Here’s what landed for me this week and what I feel is worth your time:

1. How a 30-person foundation built an AI ground game

The Annenberg Foundation spent six months doing something well that most organizations jump past when they think about AI: they asked their staff and grantees what they actually needed before buying any tools.

We know that AI adoption is largely being driven from the top down. Annenberg took a different approach and ran listening sessions with every employee starting from "what are your pain points," not "where could AI fit."

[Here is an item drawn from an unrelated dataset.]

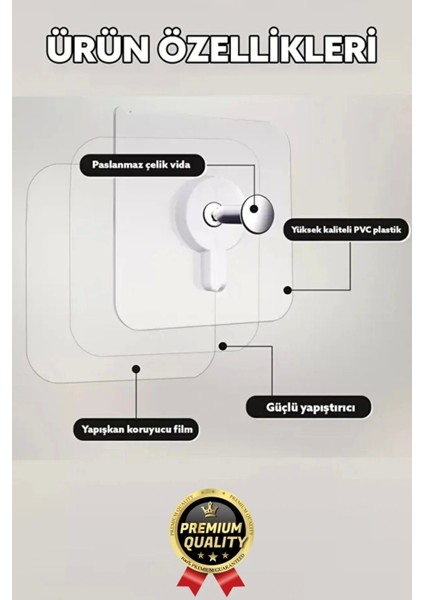 Süper Sağlam Iz Bırakmaz Çerçeve Tablo Banyo Mutfak Ultra Güçlü Yapışkanlı Çivisiz Askı 3 Adet modelleri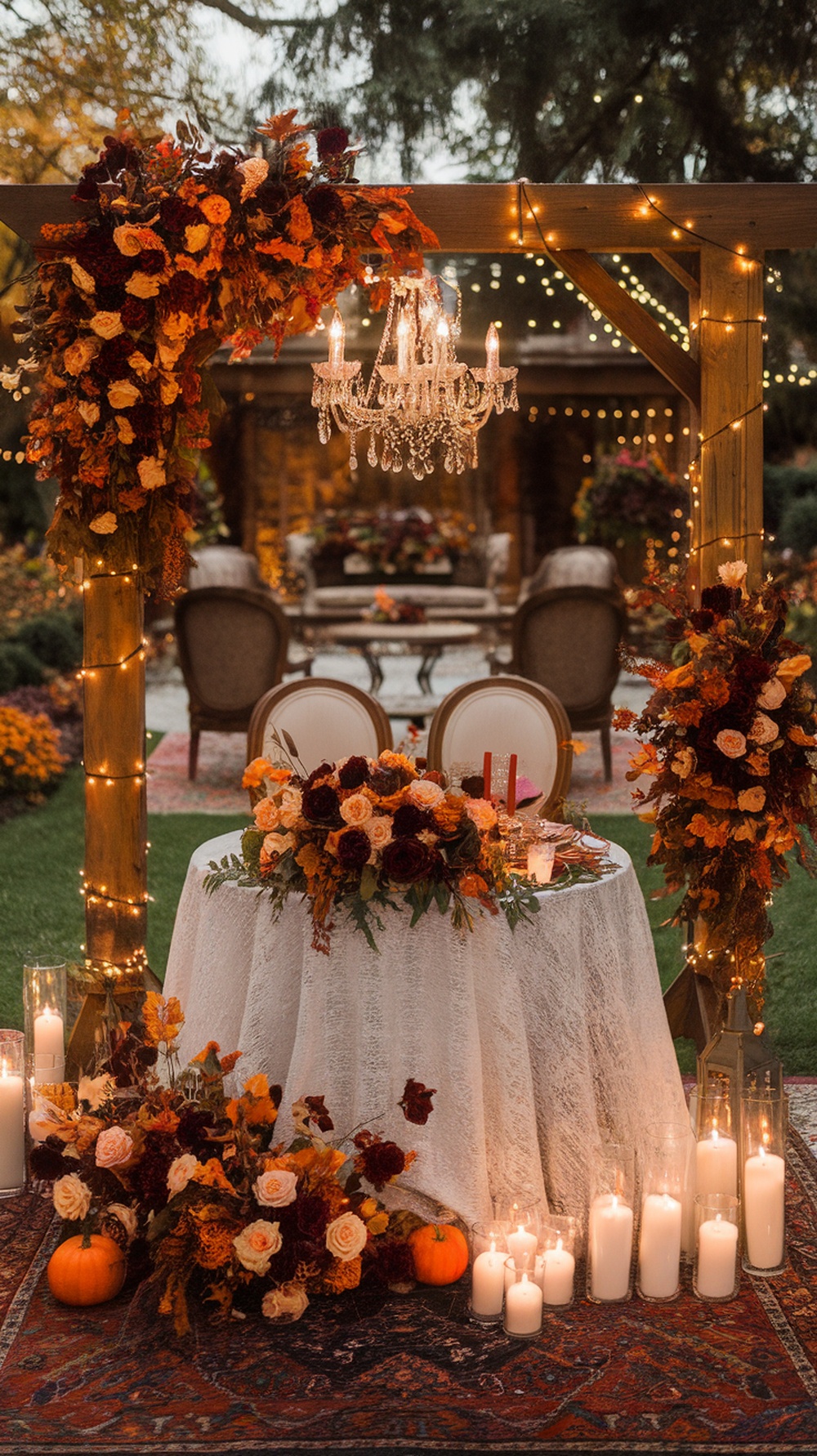 A woodland sweetheart table adorned with flowers, pumpkins, and fairy lights, creating a cozy and whimsical wedding setting.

They found that 63% of staff were already experimenting with ChatGPT, Copilot, and Canva's AI features — mostly ad hoc, no guidance or governance. Nice to see the "at-bats", but not so great to see this happening outside the purview of the org’s basline cyber security or existing data surfaces.

While that discovery validates the importance of getting (sanctioned) tools in the hands of staff for exposure and learning, what I love about the approach is that it spends the bulk of early time and resources identifying the clearest opportunities for value. We know that one of the critical tensions in introducing AI technologies to an org is the apprehension of individual contributors. A posture of "AI is here to complement and augment our expertise, not to replace" feels genuine when the conversation starts with "how can you best be helped?"

The most telling finding: when they surveyed their grantees, AI for fundraising, outcomes prediction, and information analysis was classified as urgent needs — much more urgent than the foundation's own staff felt. I think this is natural; people who contribute want their contributions to go as far and as fast as possible in creating impact. The people who do the work know that any process change takes time to be safe, effective, scalable, predictable.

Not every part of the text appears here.